In order to partially ameliorate past omissions, it is imperative for the academic community to objectively study the vast subjective evidence provided by the artifacts themselves. In turn, this places a responsibility on the part of dealers, collectors and curators to impartially scrutinize objects in their care for suspicious signs of forgery, and to resist the temptation to acquire exotic subjects touted as coming "from new finds."

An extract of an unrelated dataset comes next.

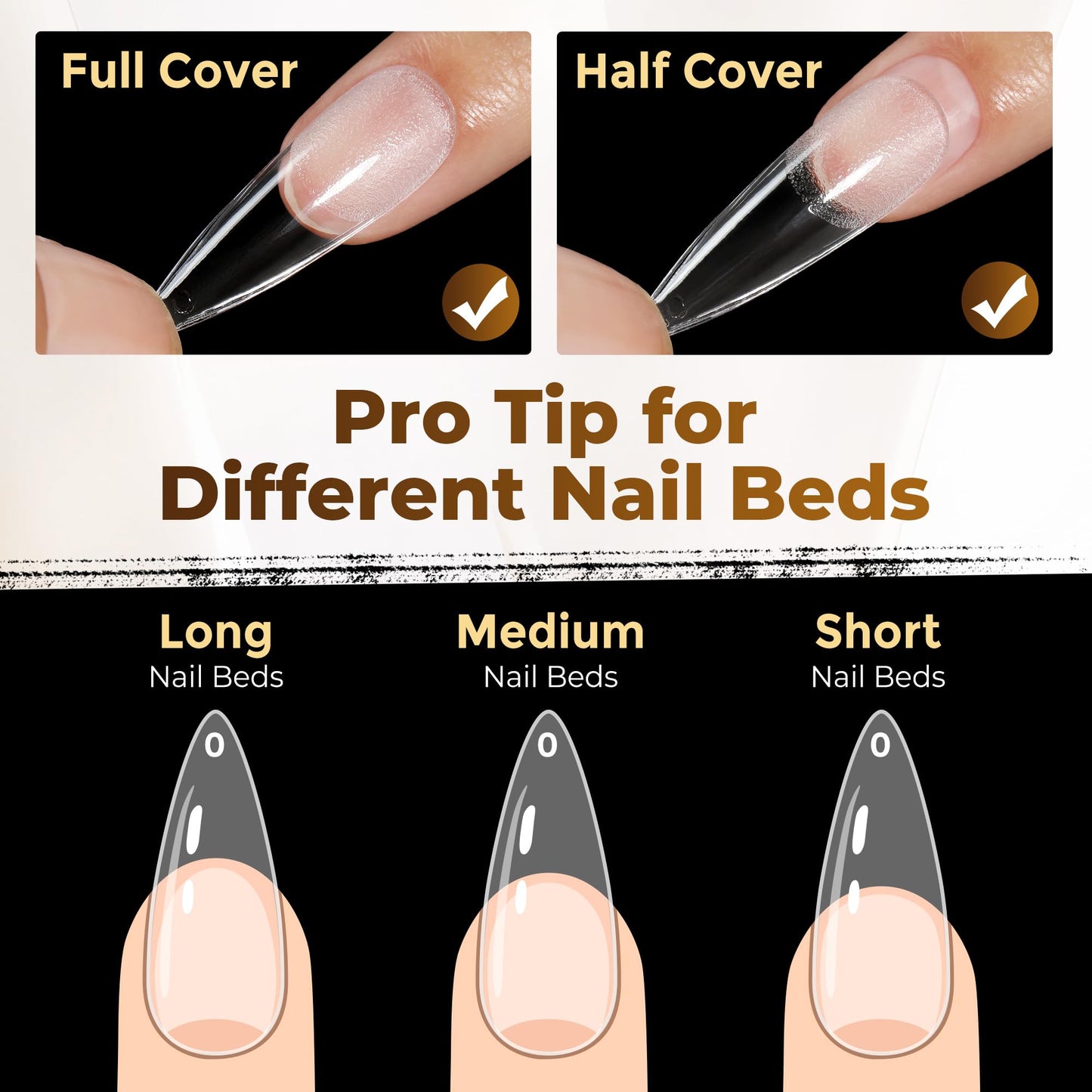 UNA GELLA Long Stiletto Nail Tips 504PCS, Full Cover Pre-Etched Long Stiletto Almond Clear Fake Nails Tips, Sturdy Acrylic Press on Nails, No C Curve Soft Gel Tip for DIY Nail Extension kit 12 Sizes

I have known Gerard Geiger since around 1988, when I first started drawing the miniatures, (which were too difficult to photograph), for Carlo Gay's book Mezcala, eventually published in 1992. Each of the numerous times I have spoken with him since, he has plaintively repeated the question, "Why haven't archeologists understood the importance of Guerrero?" Probably the most valid reason is that archeology in all of Mexico was only seriously undertaken beginning in the 1950s; money was scarce, and there were -compared to the hundreds working today - very few archeologists available to investigate prestigious Olmec, Maya and Teotihuacan sites, among others. Also, at that time, the Guerrero people were thought to be hostile and the rewards too apocryphal to risk the archeologists' lives. Unfortunately there have been a number of kidnappings in Guerrero in recent years which does give pause for concern. However, in the 1960s, Carlo Gay and I spent many fearless times in the Guerrero mountains, always finding the peasants very hospitable.

Whatever the ethical, moral or politically correct views concerning Guerrero, it is after all thanks to collectors that the plethora of evidence of an extraordinarily inventive society has been preserved for the study and appreciation of generations to come. And Gerard Geiger's connoisseurship is the reason his collection is so unusually comprehensive. Among the profound presence of the larger figurative works, there are more than a hundred miniatures which demonstrate the versatility of Mezcala artisans. Included are monkeys, serpents and birds which, as most bear biconical suspension holes, are probably totemic amulets and/or clan insignia. There are also figurines, and even replicas of household equipment: jugs, bowls and metates, the latter identical to ones used today for grinding corn. The inclusion of several serpentine grooved-pendants is of special interest as they are precursors of the enigmatic jade "spoon," often credited to the Olmec, but, like other fine jade lapidary work from Guerrero, are more likely to have been commissioned by them. Compared to the abstractions of today's Brancusis which are arbitrarily contrived conceits, the small animals, birds and serpents were the results of a sincere effort to capture their essence.

Of all the illustrations I have made of Precolumbian artifacts, none has given me more satisfaction than my efforts to memorialize the versatility of Guerrero artisans by drawing the small objects Gerard Geiger has collected. In addition to the concentration involved, I was rewarded by a greater awareness of the pieces' technical and stylistic traits, as well as of anomalies that otherwise might have been overlooked. The effort enhanced a sense of empathy with their creators as my mind and eye followed the contours and traced the cuts and grooves delineating the subjects. I am still haunted by the experience, imagining with what tenderness a father would have placed a beastie, serpent or bird talisman that he himself may have made in the grave of his child for protection in the spirit world.